Among the two strategies; one is group-local feature strategy, where weights are allocated to the group of features in a cluster. Other is local feature weighting strategy, in this weight is allocated to each feature in the group of feature. Both these methods are used to improve clustering accuracy. An algorithm based on automatic weighting of clusters reduced the sensitivity of the segmentation method and obtained improved result by using cluster initialization and group feature weighting method38.

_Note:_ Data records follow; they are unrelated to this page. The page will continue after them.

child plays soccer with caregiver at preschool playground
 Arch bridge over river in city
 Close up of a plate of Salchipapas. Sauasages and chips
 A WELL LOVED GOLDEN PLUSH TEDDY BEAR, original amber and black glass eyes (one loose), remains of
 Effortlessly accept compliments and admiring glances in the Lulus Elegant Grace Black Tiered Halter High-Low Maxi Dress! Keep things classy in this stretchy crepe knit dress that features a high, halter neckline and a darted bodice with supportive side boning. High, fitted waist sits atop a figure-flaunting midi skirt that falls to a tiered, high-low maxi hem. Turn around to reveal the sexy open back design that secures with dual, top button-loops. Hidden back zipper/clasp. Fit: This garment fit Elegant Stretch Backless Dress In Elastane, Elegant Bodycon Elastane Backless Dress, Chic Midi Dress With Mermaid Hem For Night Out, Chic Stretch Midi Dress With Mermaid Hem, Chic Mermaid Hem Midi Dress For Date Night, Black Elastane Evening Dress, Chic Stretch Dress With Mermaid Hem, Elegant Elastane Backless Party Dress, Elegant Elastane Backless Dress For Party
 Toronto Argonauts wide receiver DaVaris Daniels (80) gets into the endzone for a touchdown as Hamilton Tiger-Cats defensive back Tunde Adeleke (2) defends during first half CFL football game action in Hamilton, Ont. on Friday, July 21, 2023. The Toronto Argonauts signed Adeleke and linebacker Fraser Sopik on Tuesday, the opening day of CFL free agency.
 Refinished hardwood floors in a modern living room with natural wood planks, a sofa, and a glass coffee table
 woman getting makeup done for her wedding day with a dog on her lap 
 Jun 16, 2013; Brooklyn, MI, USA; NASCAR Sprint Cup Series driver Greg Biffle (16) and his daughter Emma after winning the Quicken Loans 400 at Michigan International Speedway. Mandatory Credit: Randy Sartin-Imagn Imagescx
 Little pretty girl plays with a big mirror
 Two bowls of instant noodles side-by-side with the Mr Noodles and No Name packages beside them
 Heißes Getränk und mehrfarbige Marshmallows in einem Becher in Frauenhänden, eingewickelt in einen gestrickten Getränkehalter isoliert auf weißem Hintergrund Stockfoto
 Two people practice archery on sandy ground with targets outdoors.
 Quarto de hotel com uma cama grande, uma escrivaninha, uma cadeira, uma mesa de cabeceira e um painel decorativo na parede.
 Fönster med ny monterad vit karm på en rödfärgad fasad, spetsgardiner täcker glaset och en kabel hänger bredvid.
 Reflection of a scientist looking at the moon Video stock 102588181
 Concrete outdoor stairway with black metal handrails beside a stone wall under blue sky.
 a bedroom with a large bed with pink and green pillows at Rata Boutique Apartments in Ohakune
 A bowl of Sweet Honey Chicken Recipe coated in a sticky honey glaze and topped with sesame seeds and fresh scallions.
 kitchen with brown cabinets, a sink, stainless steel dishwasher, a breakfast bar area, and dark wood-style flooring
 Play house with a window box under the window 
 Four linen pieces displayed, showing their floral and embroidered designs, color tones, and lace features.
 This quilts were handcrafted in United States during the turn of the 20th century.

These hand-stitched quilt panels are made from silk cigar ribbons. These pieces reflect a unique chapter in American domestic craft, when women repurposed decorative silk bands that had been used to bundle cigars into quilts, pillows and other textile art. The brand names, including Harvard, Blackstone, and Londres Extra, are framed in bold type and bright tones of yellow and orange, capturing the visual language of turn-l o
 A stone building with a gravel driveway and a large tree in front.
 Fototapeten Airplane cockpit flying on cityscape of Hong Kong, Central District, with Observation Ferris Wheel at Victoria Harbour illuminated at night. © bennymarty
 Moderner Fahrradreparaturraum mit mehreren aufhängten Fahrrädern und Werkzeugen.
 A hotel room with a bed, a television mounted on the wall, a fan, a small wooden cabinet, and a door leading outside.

In image segmentation, the different group of features can have different importance; so the advantage of group feature weighting is more obvious than local weighting which assigns one weight to all the features37. Within a group also, different features might be less or more important than the other. So assigning same weights to all the components will reduce the quality of segmented image. So, we use features and sub-features with more varying degree of importance in image clusters. The improved weighting of clusters is directly related to better segmentation performance. Further; to control the sensitivity to initial clusters, an effective cluster weighting technique is incorporated. The relative importance of features and sub-features is considered while selecting the weight of image clusters38.
Optimization
The clustering method is used in combination with the Imperialist Competitive Algorithm (ICA) for optimization of feature weighing step44. It finds optimized values of the weight coefficients in the segmentation method. Imperialist competitive algorithm (ICA) is a classic evolutionary optimization technique which incorporates the general political and social behaviour of imperialist countries in an attempt to dominate weaker countries44. In past few years, various algorithms based on ICA and its improved versions have been proposed; which have successful solved several practical optimization methods. Another advantage of ICA is its higher convergence rate as compared to other evolutionary optimization algorithms; delivering significant results in less time45. The Optimization procedure involving integration of ICA with FCM clustering can be described in following steps:
Initial Population and Weight Coefficient Ranges
Population Initialization: Generate a random initial population of solutions, where each country represents a weight vector [v1,v2,v3] for three feature groups.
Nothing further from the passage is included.